Different takes on tax reform

Published 12:00 am Thursday, May 23, 2013

Most people like the idea of paying lower income taxes — but what if it means paying more for peanut butter, home repairs or prescription drugs?
That’s one of the possibilities as the N.C. Legislature takes up tax reform and the nitty gritty of budget details. Tax reform was part of the Republican platform in last fall’s elections. The GOP-led legislature now looks poised to make good on that promise, although the House and Senate have different ideas on what shape reform should take.
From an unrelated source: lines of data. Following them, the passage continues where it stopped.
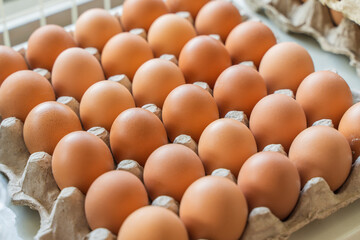 Chicken eggs in paper tray, stock photo.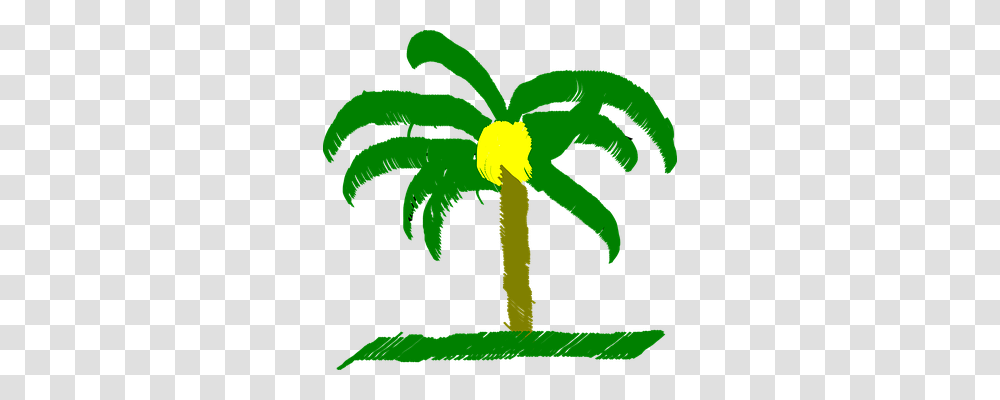 Palm Tree Holiday, Plant, Flower, Blossom Transparent Png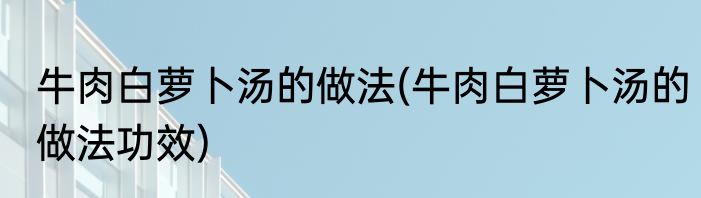 牛肉白萝卜汤的做法(牛肉白萝卜汤的做法功效)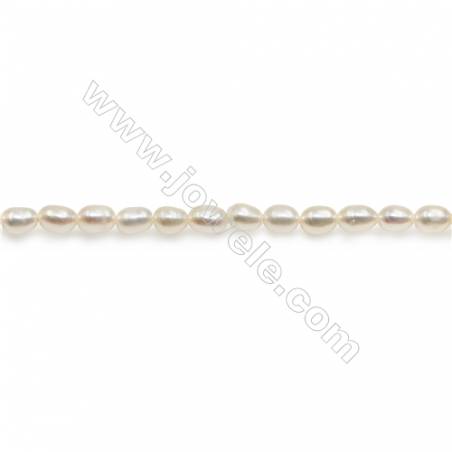 Perles de culture naturelles  perles d'eau douce ovale  blanche sur fil   3~3.5x3.5~4.5mm  trou 0.6mm x1 fil 15~16"
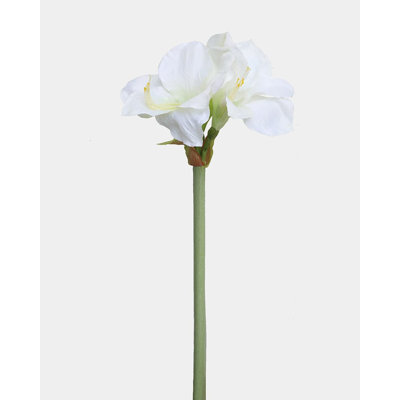 Amaryllis artificiel blanc 19,5 po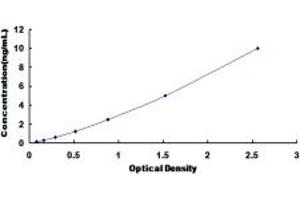 NR5A2 + LRH1 ELISA Kit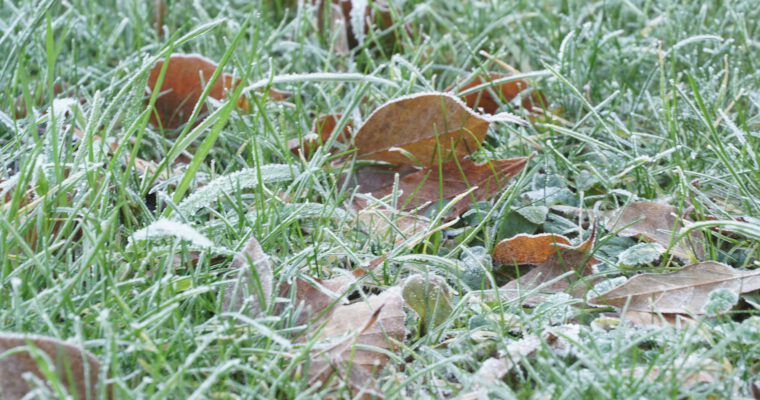 Werkochtend 11 oktober 2025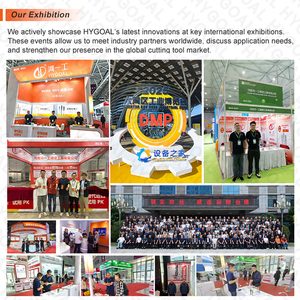 HYGOAL Uitstekende Prestatie Spirale Gegroefde Taps met Metrische Grove Draad M3 Tapboorbits - Product Image 6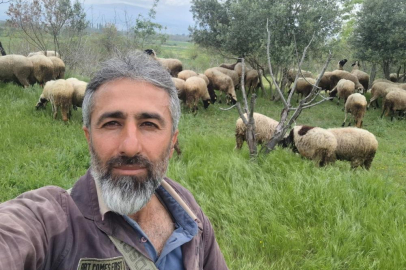 Çeşme sakızı ile Fransız koçunu birleştirdi, verimi katladı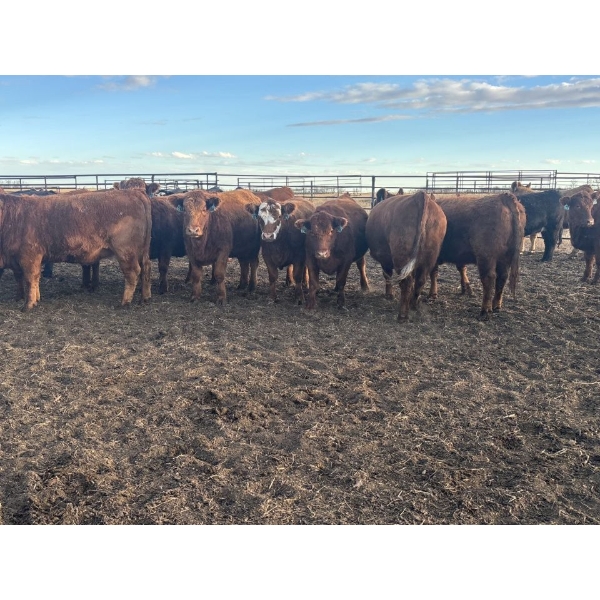 Spruceville Cattle Co. - 175 Angus & Angus/Simm X Heifers
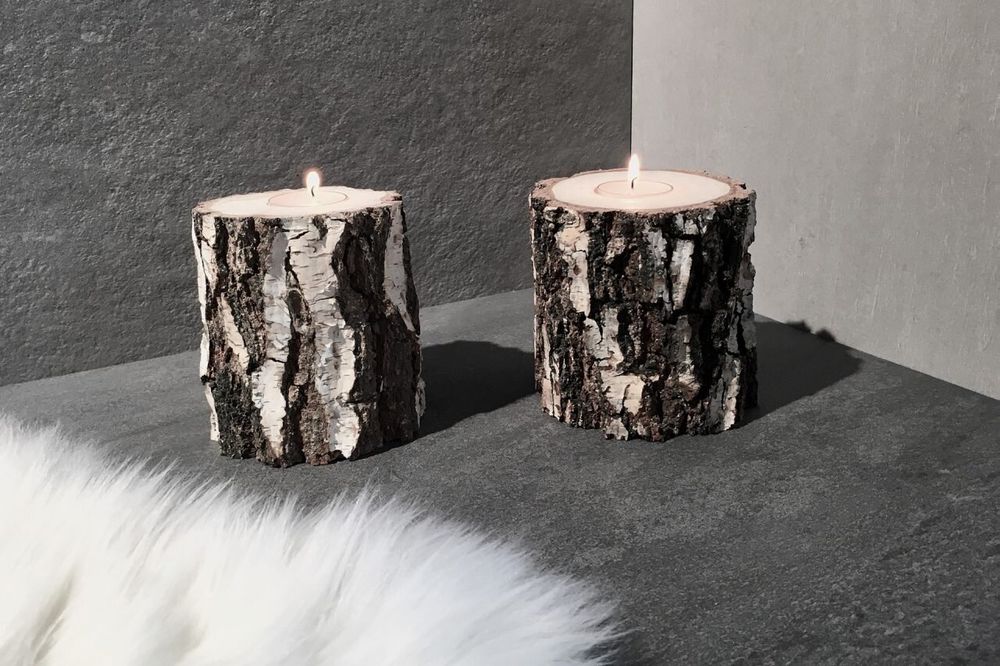 Birkenstämme, Deko, Advent, Garten 5 Stück Kaufen auf Ricardo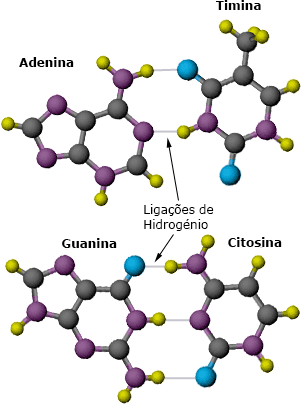 Dadas as formas corretas para as bases, Watson foi capaz de descobrir como os pares adenina-timina e guanina-citosina se ajustam, e formam ligações de hidrogénio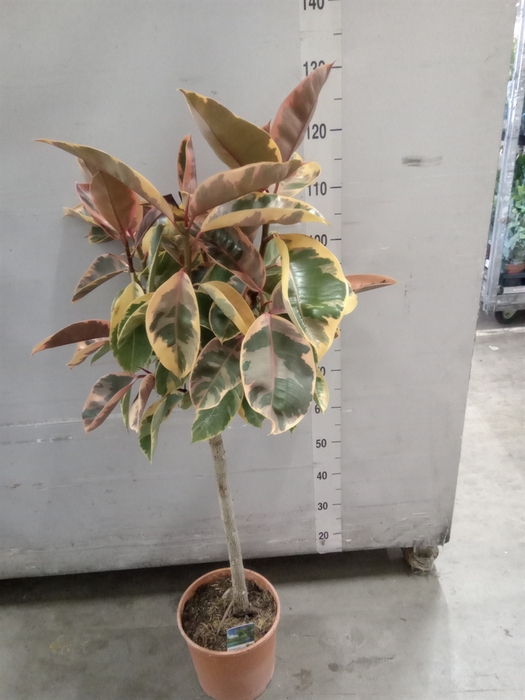 <h4>Ficus   ...</h4>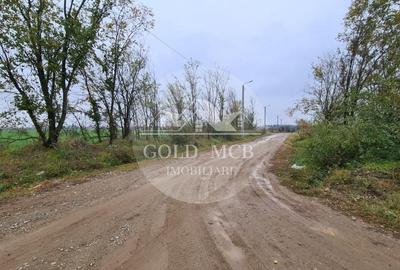 Teren Branesti -Romancierilor - 5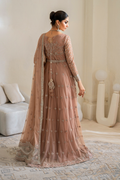 Iznik | Chinnon Chiffon | CC-43 Embroidered Net - Ladies Clothes - Maria Faisal
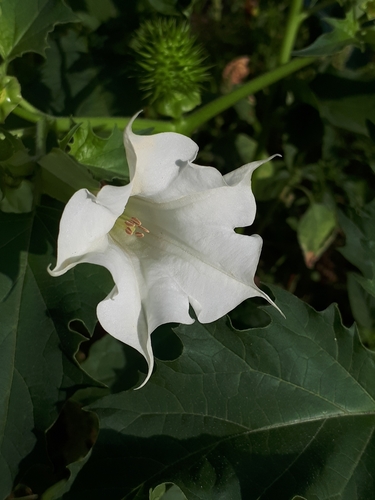 jimsonweed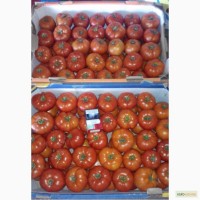Дешево помидор Бобкат крупный и средний в Овидиополе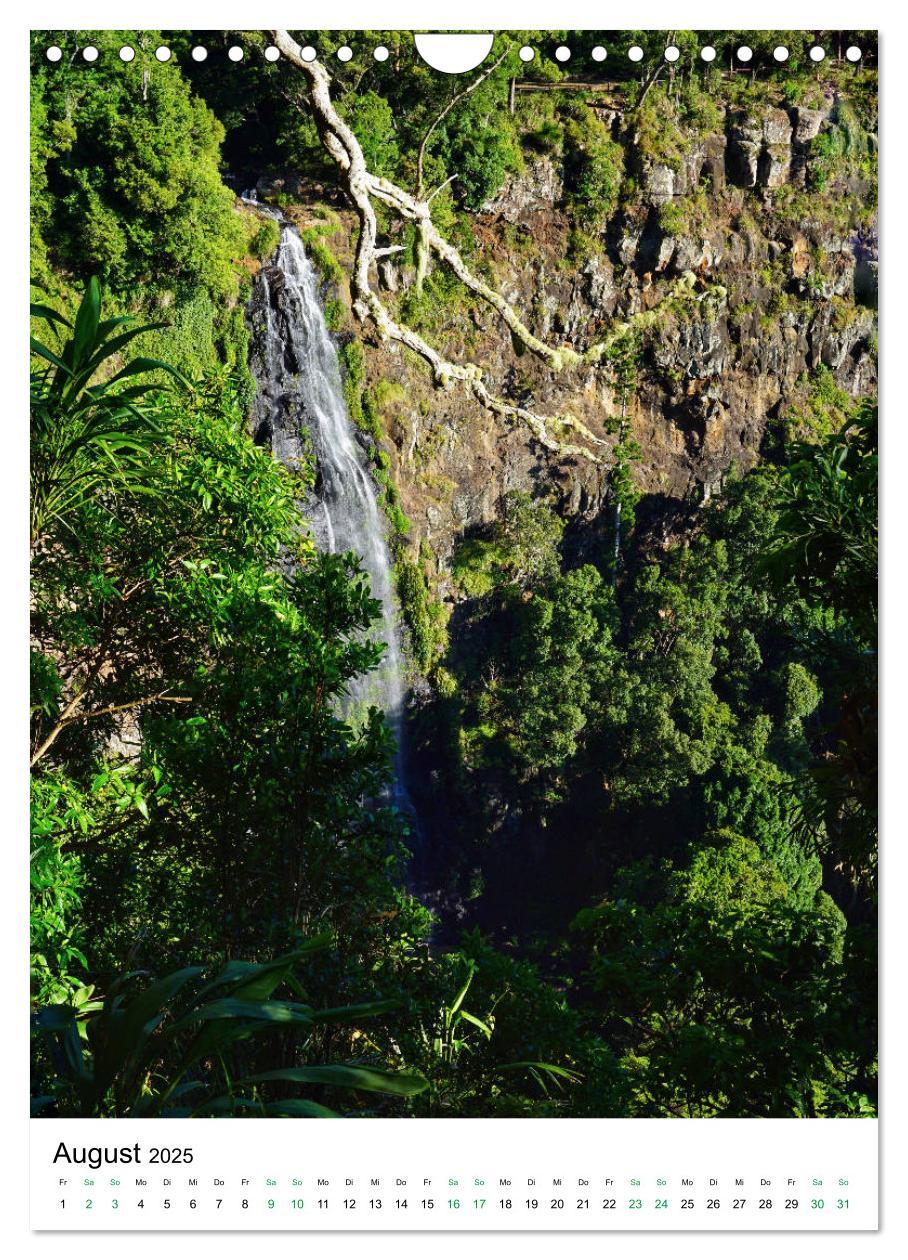 Bild: 9783435972944 | Regenwald - Australien (Wandkalender 2025 DIN A4 hoch), CALVENDO...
They agree on some main points, such as closing loopholes and lowering the personal and corporate income tax rates, although the House plan wouldn’t cut the rates quite as much as the Senate proposes. Both chambers also envision a slight drop in the combined state and local sales tax (currently 6.75 percent, not including local option taxes applied in Rowan and other counties). The House would set the combined sales tax at 6.65 percent, while the Senate would tick it down to 6.5 percent.
In the application of the sales tax, however, the tax reform plans sharply diverge. The House version would keep the current state sales tax exemption for food (which is subject to a 2 percent tax at the local level) and the exemption for prescription drugs. Senate leaders want those exemptions removed.
The House plan would expand the sales tax to services, but only for businesses that are already collecting tax on tangible items (such as repair parts). The Senate plan would greatly expand the scope of services that would fall under the sales tax, from legal services to lawn mower repair.
The tax reform debate is really an economic debate. It’s an article of conservative supply-side faith that lowering taxes on individuals and businesses leads to more investment, more savings and, as a result, more growth and job creation. Taxing consumption is more broad based, the argument goes, and gives individuals the discretion to pay more or less tax, depending on how much stuff they buy. Hence the Senate’s dubbing its plan the “Tax Fairness Act.”
“The more you spend, the more you pay,” Senate leader Phil Berger says. “The less you spend, the less you pay.”
Sounds simple — if you’re among the fortunate with lots of discretionary income. But applying the full state sales tax to food and medications, as well as to more goods and services, will inevitably result in more out-of-pocket expenses for many people. Middle-income families, as well as senior citizens on fixed incomes, would pay the same tax on a jar of peanut butter — or a furnace repair — as a multimillionaire.
Broadening the tax base is a worthy goal, and the shift to a service economy means more services need to be taxed. But tax hikes on food and pharmaceuticals would fall hardest on those least able to bear the additional burden, and there’s nothing fair about that. Thus far, House leaders are taking a more moderate approach, one the Senate would do well to follow.